では、アウター、ミッド、アンダーのうち、どれがいちばん重要なアイテムなんだろうと考えたとき、あなたならどう答えますか?
アウタージャケット!?
たとえば冬山デビューをする場合、夏山装備からウェアを買い足したり、買い替えたりしますよね。そんなときは、まずはいいアウターが欲しいなんて思っちゃうのではないでしょうか。たしかに見た目は大事だし、カッコいいほうがいいに決まっていますよね。
でも、答えはアンダーウェアです。
機能性を重視して買い替えをするなら、まずはアンダーに気を使うべきなんです。アウターは夏山のそれでも、レイヤリング次第では流用もできてしまいます。でも、冬に使うアンダーは、夏山のそれとは別物です。
冬のアンダーの役割の第一は「肌面を濡らした状態で放置させないこと」です。これは、身体の保温につながる第一歩だからです。
どんなに寒い山でも、急な斜面を登っていれば、しぜんと汗をかくはずです。あまりに暑ければアウターのベンチレーションを開けるでしょうし、それでも暑ければ、ジャケットを脱ぎますよね。そんなとき、肌面には汗がジンワリと浮いていることでしょう。
アンダーウェアは、この汗の水分をしっかりと吸い取り、次の層、つまりミッドレイヤーへと送り込む役割を果たします。アンダー、ミッド、アウターと、レイヤーを次々と通すことで、汗を蒸発・発散させて、肌面をドライに保つのです。性能のいいものは、汗が肌面に逆戻りをするのを防いでくれたり、素材そものもが発熱するものまであります。ウールなどのように、素材自体が保温性や抗菌性能を保持している場合もありますね。
ついでなので、ミッドとアウターの役割も書いておきます。まずレイヤーの役割ですが、先ほどの、アンダーからの水分を受け取ってアウターへと送り込む役目がひとつ。そして、こちらがいちばん大事な役割なのですが、身体をあたためるために空気の層をつくることです。デッドエアをいかにたくさんつくれるか、いわゆる保温層の保持ですよね。インシュレーションともいわれる中綿素材をふんだんに使ったダウン製品はもちろん、フリース素材などもミッドレイヤーの代表的な製品です。

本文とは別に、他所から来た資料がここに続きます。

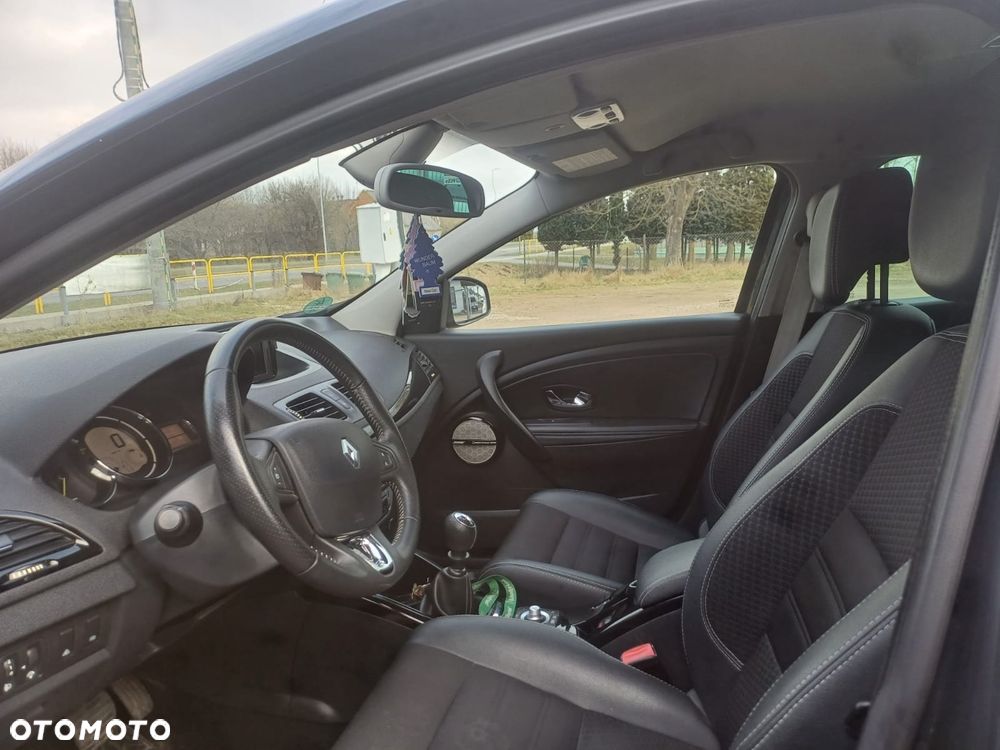 Renault Megane ENERGY dCi 110 Start & Stop Paris Business - 9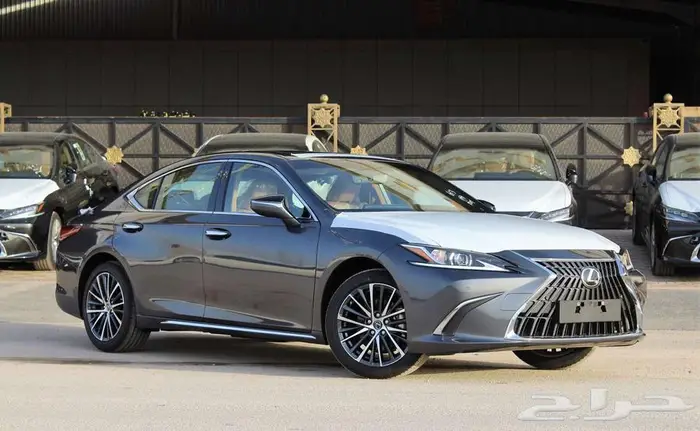 لكزس - ES250 لاكجيري - 2025 - نص فل - خليجي- سعر خاص 1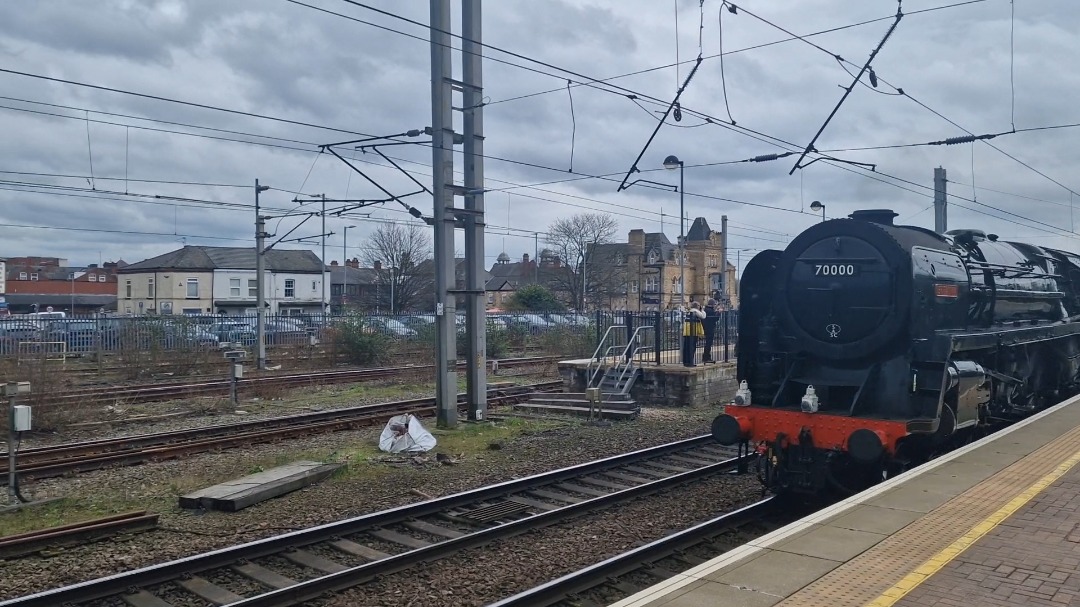 Nathaniel on Train Siding: 70000 'britannia' and 60007 'Sir Nigel Gresley' pulling 2 support coaches and at the rear class 37 D6851
'flopsie' passing Warrington BQ on...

そして、アウタージャケットは、おもに外からの雨風の浸入を防ぐ役目を果たします。もちろん、ミッドレイヤーから発散された水分を外へと誘う仕事もしていますよね。これが、よく聞く「防水透湿」という言葉の意味です。
このように、山のウェア選びは、各層の組み合わせがとても大切なのです。肌面を濡らさずに、いかにして身体を保温させるか。どんなにいいアウタージャケットを着ていたとしても、アンダーが綿のTシャツだったりすると、まったく意味をなしません。夏山ならそれでも問題なく過ごせるかもしれませんが、冬山の場合はかなり危険。身体を濡らしたままで寒い場所に居続ければ、低体温症の危険性は加速度的にアップしちゃいますので。
この考え方は、雪深い高山の山行でも、雪のない低山の山行ででまったく同じなのです。低山だから、夏山の装備にダウンをひとつ加えればOK! ではありませんよ。
アンダーウェアに気を使う。
この季節の山歩きには、大切なポイントだと思います。天然のウールでも化繊でもハイブリッドでも、山の専門ショップに行けば、冬用アンダーウェアとして数多く売っていますので、ぜひ足を運んでみてください。